WHAT THIS TASK INVOLVES
Every line from the top of the records through the line containing "Timberland Boots Black Size 8 Timberland" should be retyped exactly; the pictures should not.
-.-.-
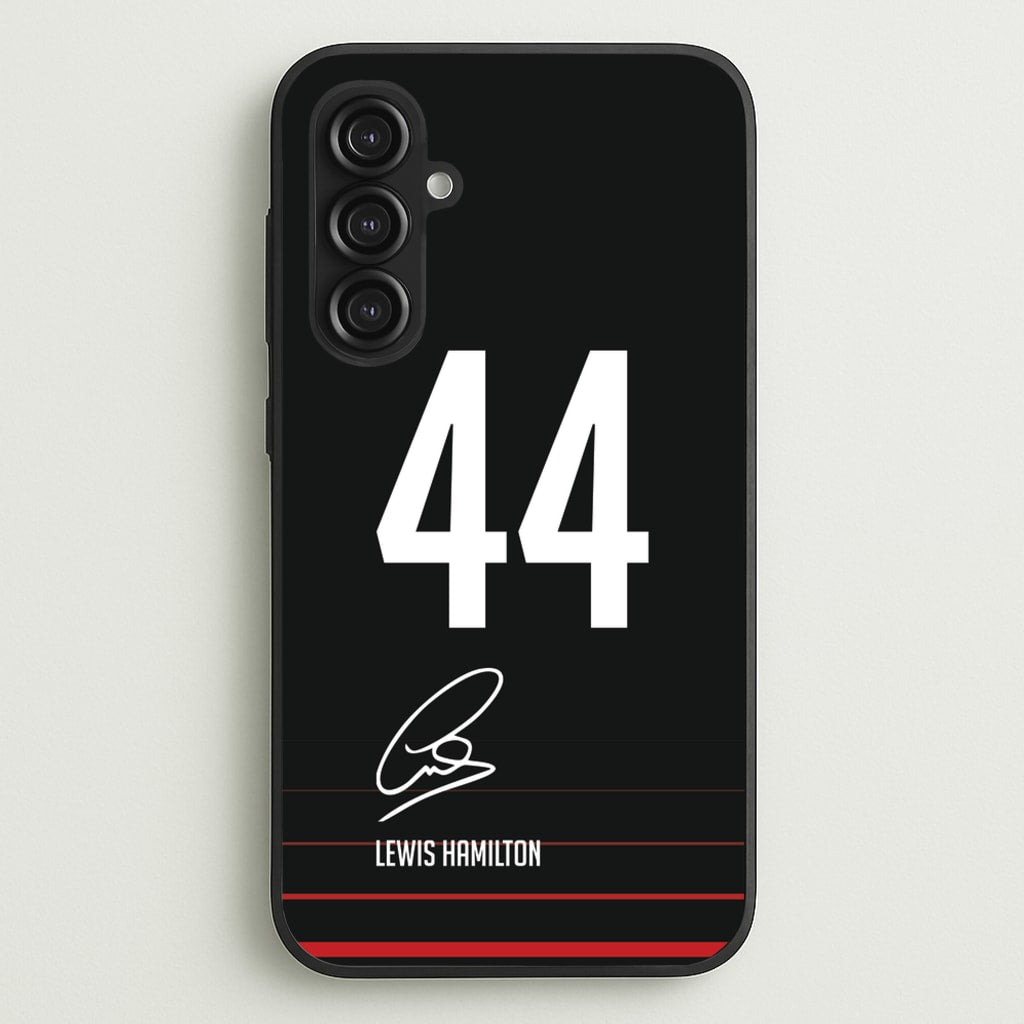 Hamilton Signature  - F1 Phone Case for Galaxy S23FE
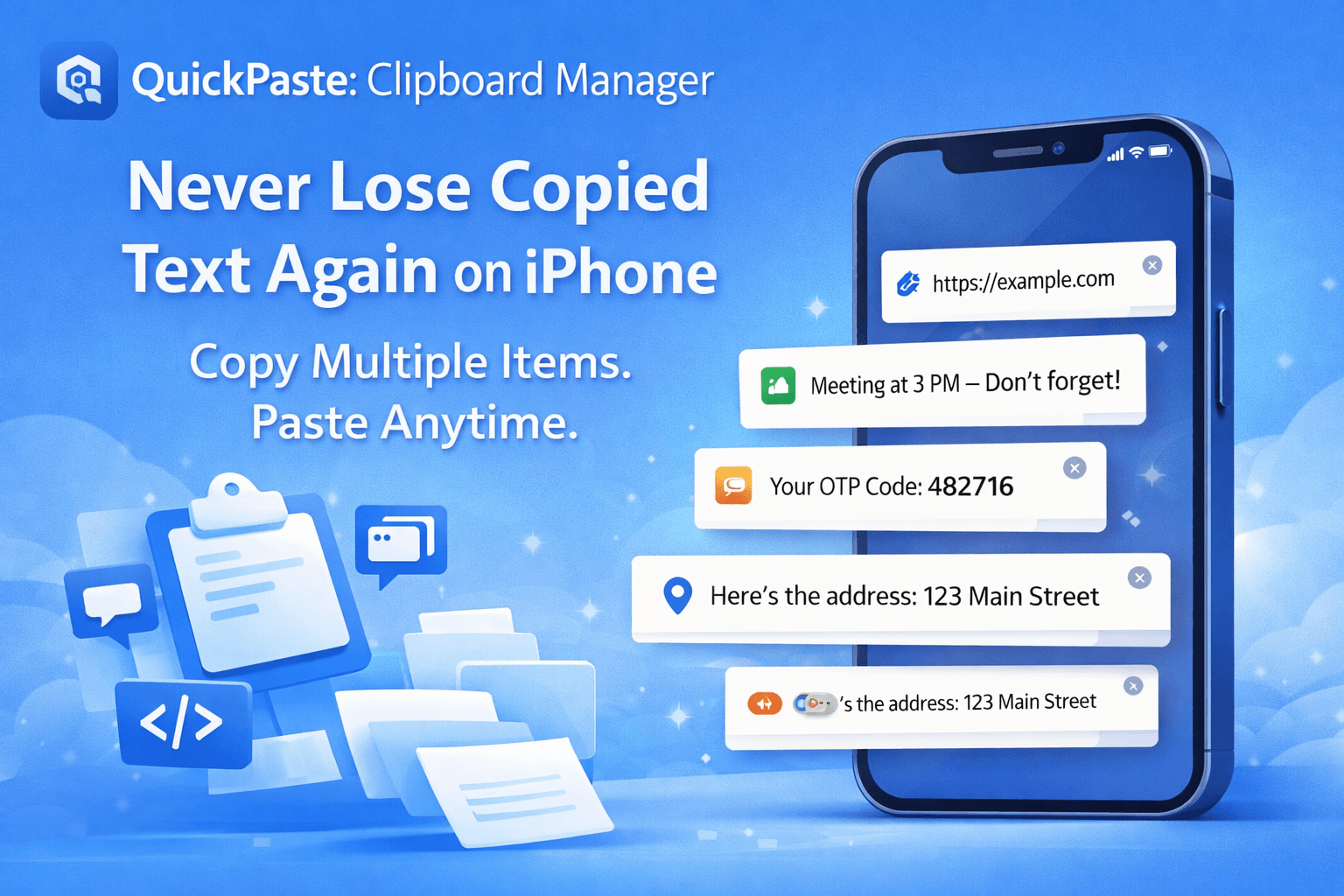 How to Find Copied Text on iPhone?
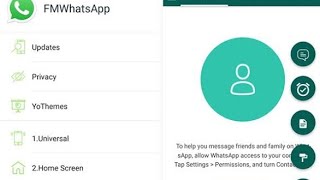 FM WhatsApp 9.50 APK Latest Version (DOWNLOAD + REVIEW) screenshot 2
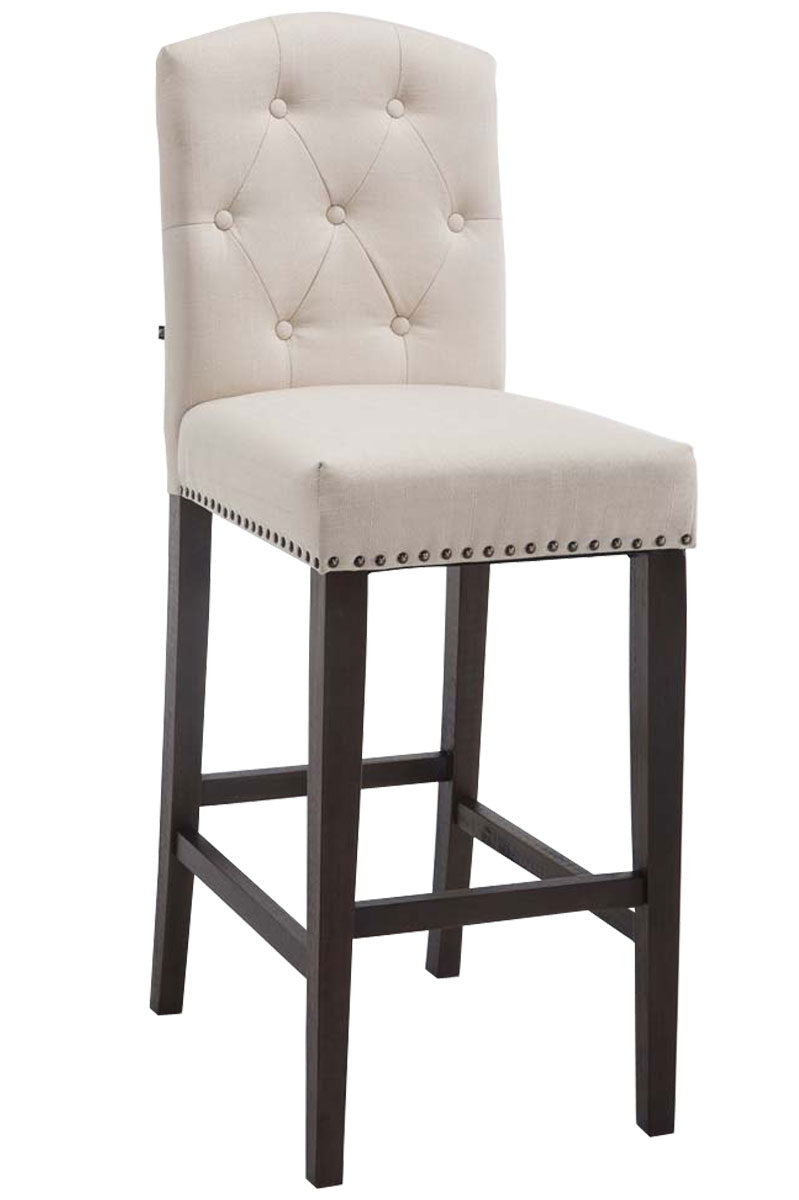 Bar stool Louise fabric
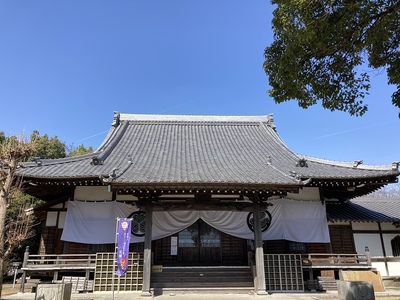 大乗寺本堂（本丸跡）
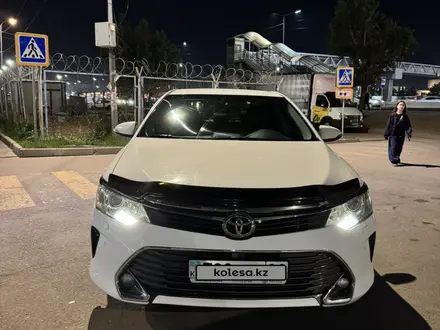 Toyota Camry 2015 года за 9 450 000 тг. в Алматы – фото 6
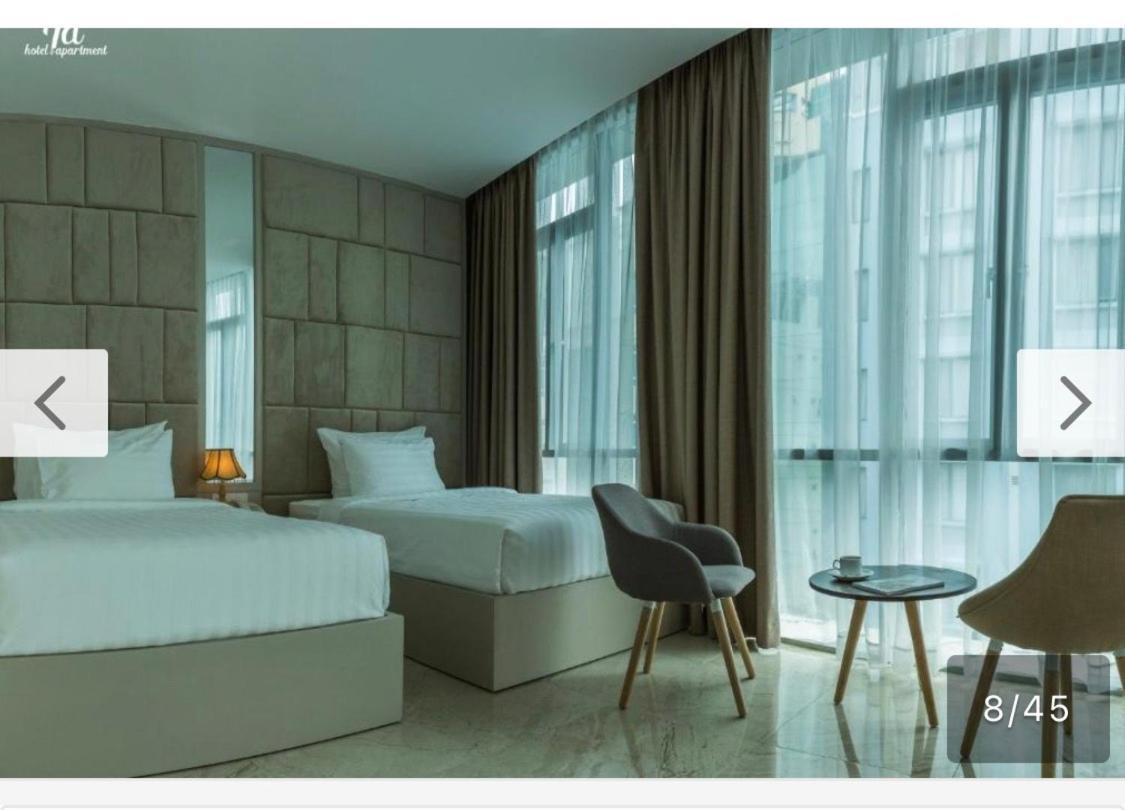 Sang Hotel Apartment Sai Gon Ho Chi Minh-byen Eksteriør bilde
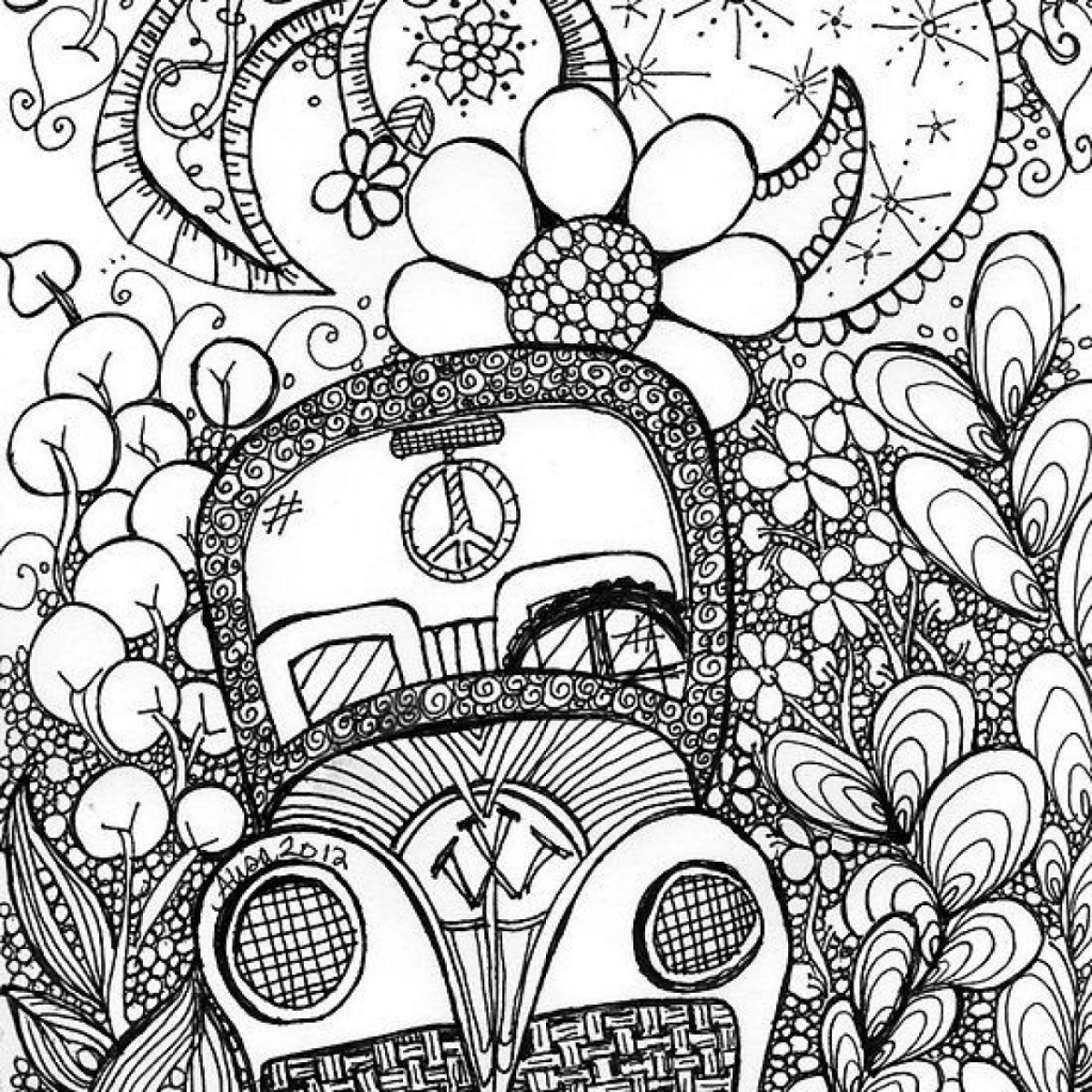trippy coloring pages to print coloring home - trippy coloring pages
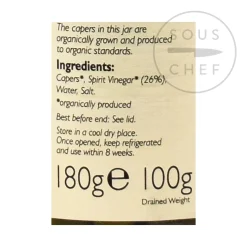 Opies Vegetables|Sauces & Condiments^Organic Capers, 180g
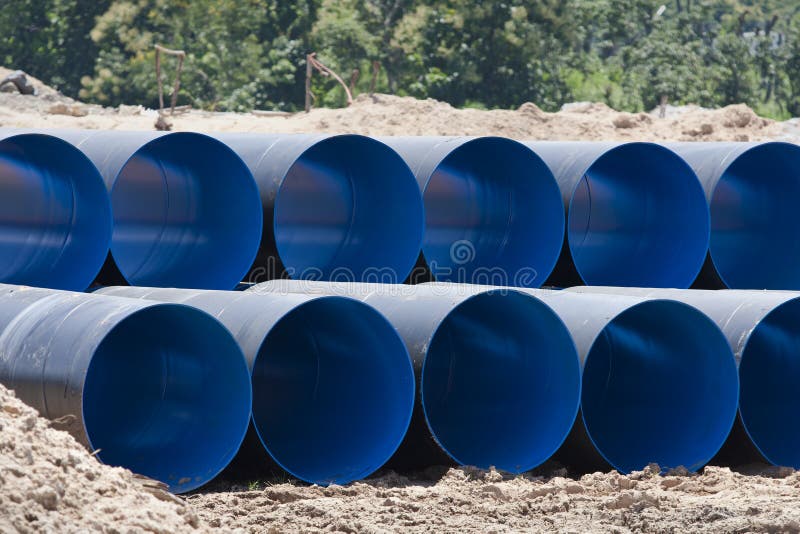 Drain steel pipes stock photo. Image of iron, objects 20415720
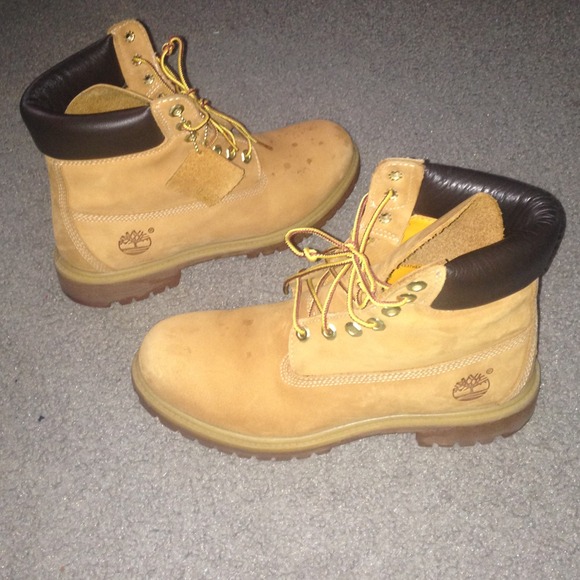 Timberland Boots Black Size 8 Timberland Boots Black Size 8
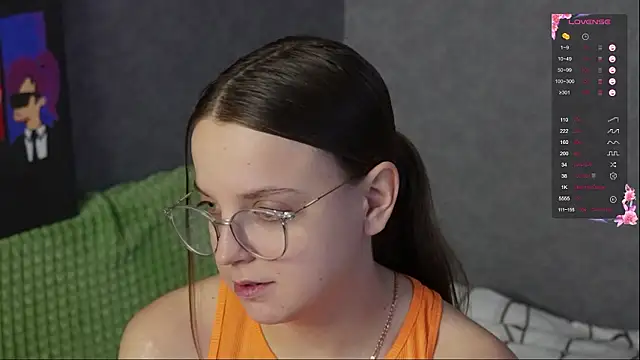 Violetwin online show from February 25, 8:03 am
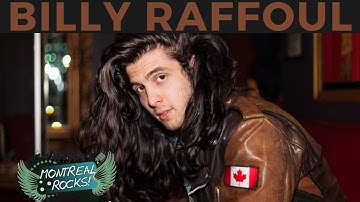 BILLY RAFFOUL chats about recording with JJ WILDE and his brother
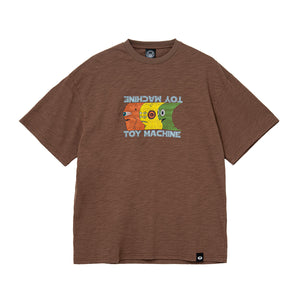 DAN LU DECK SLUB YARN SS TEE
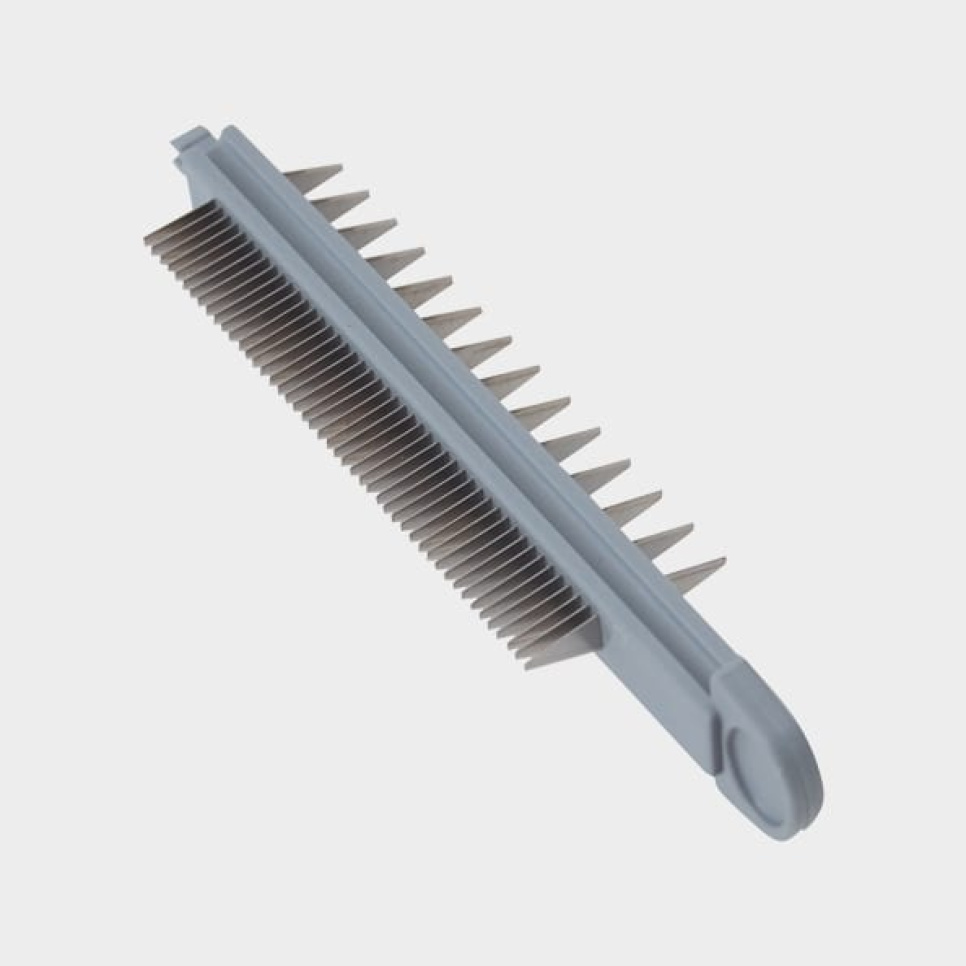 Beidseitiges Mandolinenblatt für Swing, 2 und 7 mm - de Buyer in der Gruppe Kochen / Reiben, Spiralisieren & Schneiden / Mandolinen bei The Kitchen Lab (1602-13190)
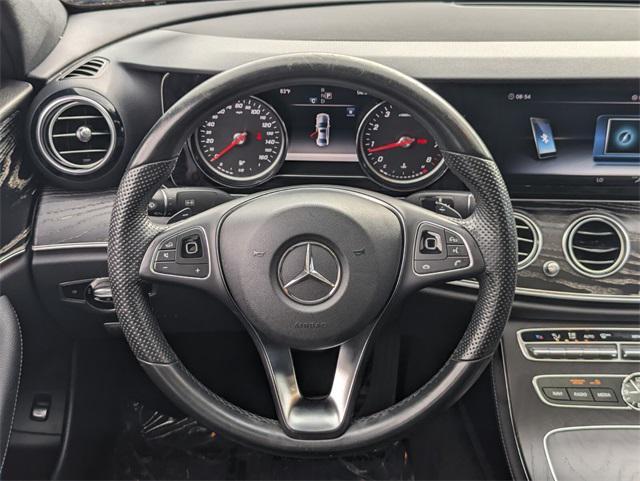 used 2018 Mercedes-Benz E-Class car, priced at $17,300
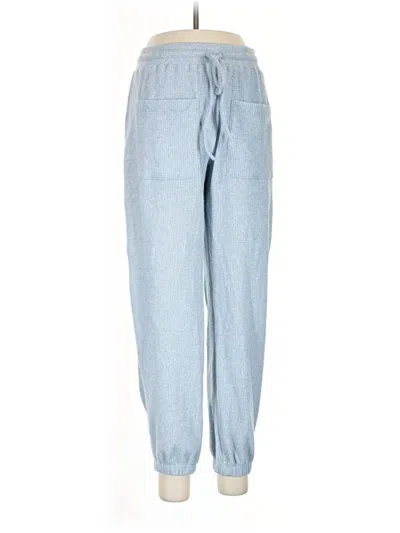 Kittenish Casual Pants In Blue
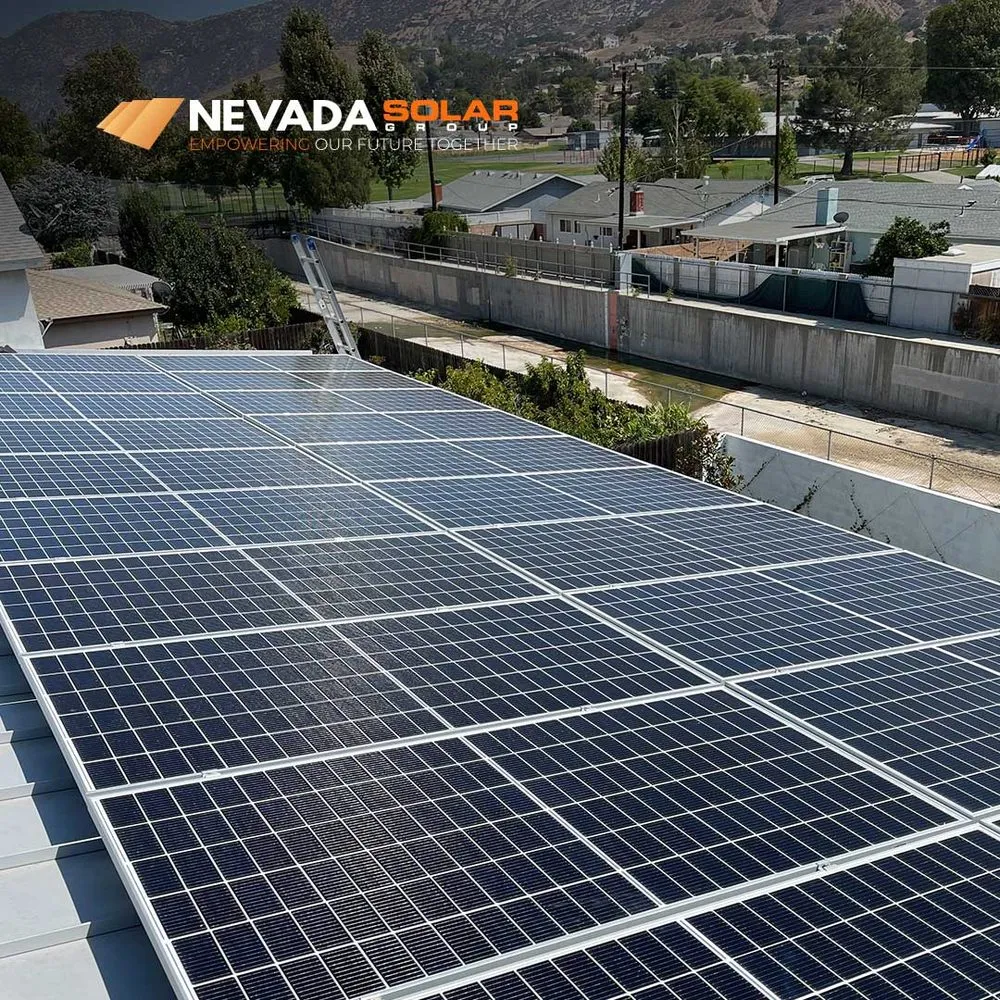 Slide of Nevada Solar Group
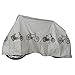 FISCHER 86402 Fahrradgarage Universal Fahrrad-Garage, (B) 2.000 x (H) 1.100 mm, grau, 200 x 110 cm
-.-.-
TASK OUTPUT
 Hamilton Signature  - F1 Phone Case for Galaxy S23FE
 How to Find Copied Text on iPhone?
 FM WhatsApp 9.50 APK Latest Version (DOWNLOAD + REVIEW) screenshot 2
 Bar stool Louise fabric
 大乗寺本堂（本丸跡）
 Toyota Camry 2015 года за 9 450 000 тг. в Алматы – фото 6
 Sang Hotel Apartment Sai Gon Ho Chi Minh-byen Eksteriør bilde
trippy coloring pages to print coloring home - trippy coloring pages
 Opies Vegetables|Sauces & Condiments^Organic Capers, 180g
 Drain steel pipes stock photo. Image of iron, objects 20415720
 Timberland Boots Black Size 8 Timberland Boots Black Size 8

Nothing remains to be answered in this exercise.